▸ EXERCISE: Each of the lines below must be restated exactly.

Start of SOURCE MATERIAL

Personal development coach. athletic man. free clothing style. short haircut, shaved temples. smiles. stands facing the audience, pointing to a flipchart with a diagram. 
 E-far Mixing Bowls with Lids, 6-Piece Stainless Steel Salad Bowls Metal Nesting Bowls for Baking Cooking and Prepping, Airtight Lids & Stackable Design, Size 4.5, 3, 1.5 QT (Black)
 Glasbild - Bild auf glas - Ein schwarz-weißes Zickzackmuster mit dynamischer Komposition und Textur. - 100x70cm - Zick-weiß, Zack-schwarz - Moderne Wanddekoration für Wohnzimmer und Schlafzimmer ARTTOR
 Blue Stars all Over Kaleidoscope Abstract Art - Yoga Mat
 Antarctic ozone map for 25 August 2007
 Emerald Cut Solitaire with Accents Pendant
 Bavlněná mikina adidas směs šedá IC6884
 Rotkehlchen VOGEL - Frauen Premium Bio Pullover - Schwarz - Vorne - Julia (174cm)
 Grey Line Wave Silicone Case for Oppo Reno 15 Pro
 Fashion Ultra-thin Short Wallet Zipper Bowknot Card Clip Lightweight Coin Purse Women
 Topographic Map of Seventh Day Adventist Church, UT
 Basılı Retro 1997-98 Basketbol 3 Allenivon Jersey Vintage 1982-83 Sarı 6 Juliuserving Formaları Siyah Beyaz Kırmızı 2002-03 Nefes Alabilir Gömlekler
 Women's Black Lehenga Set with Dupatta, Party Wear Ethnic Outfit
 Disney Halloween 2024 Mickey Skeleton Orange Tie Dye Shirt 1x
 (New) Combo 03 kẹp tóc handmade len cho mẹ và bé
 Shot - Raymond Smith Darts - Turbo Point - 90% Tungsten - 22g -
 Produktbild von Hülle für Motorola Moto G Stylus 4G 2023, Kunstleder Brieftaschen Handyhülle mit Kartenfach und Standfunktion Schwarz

End of SOURCE MATERIAL

▸ OUTPUT OF THE TASK:
Personal development coach. athletic man. free clothing style. short haircut, shaved temples. smiles. stands facing the audience, pointing to a flipchart with a diagram. 
 E-far Mixing Bowls with Lids, 6-Piece Stainless Steel Salad Bowls Metal Nesting Bowls for Baking Cooking and Prepping, Airtight Lids & Stackable Design, Size 4.5, 3, 1.5 QT (Black)
 Glasbild - Bild auf glas - Ein schwarz-weißes Zickzackmuster mit dynamischer Komposition und Textur. - 100x70cm - Zick-weiß, Zack-schwarz - Moderne Wanddekoration für Wohnzimmer und Schlafzimmer ARTTOR
 Blue Stars all Over Kaleidoscope Abstract Art - Yoga Mat
 Antarctic ozone map for 25 August 2007
 Emerald Cut Solitaire with Accents Pendant
 Bavlněná mikina adidas směs šedá IC6884
 Rotkehlchen VOGEL - Frauen Premium Bio Pullover - Schwarz - Vorne - Julia (174cm)
 Grey Line Wave Silicone Case for Oppo Reno 15 Pro
 Fashion Ultra-thin Short Wallet Zipper Bowknot Card Clip Lightweight Coin Purse Women
 Topographic Map of Seventh Day Adventist Church, UT
 Basılı Retro 1997-98 Basketbol 3 Allenivon Jersey Vintage 1982-83 Sarı 6 Juliuserving Formaları Siyah Beyaz Kırmızı 2002-03 Nefes Alabilir Gömlekler
 Women's Black Lehenga Set with Dupatta, Party Wear Ethnic Outfit
 Disney Halloween 2024 Mickey Skeleton Orange Tie Dye Shirt 1x
 (New) Combo 03 kẹp tóc handmade len cho mẹ và bé
 Shot - Raymond Smith Darts - Turbo Point - 90% Tungsten - 22g -
 Produktbild von Hülle für Motorola Moto G Stylus 4G 2023, Kunstleder Brieftaschen Handyhülle mit Kartenfach und Standfunktion Schwarz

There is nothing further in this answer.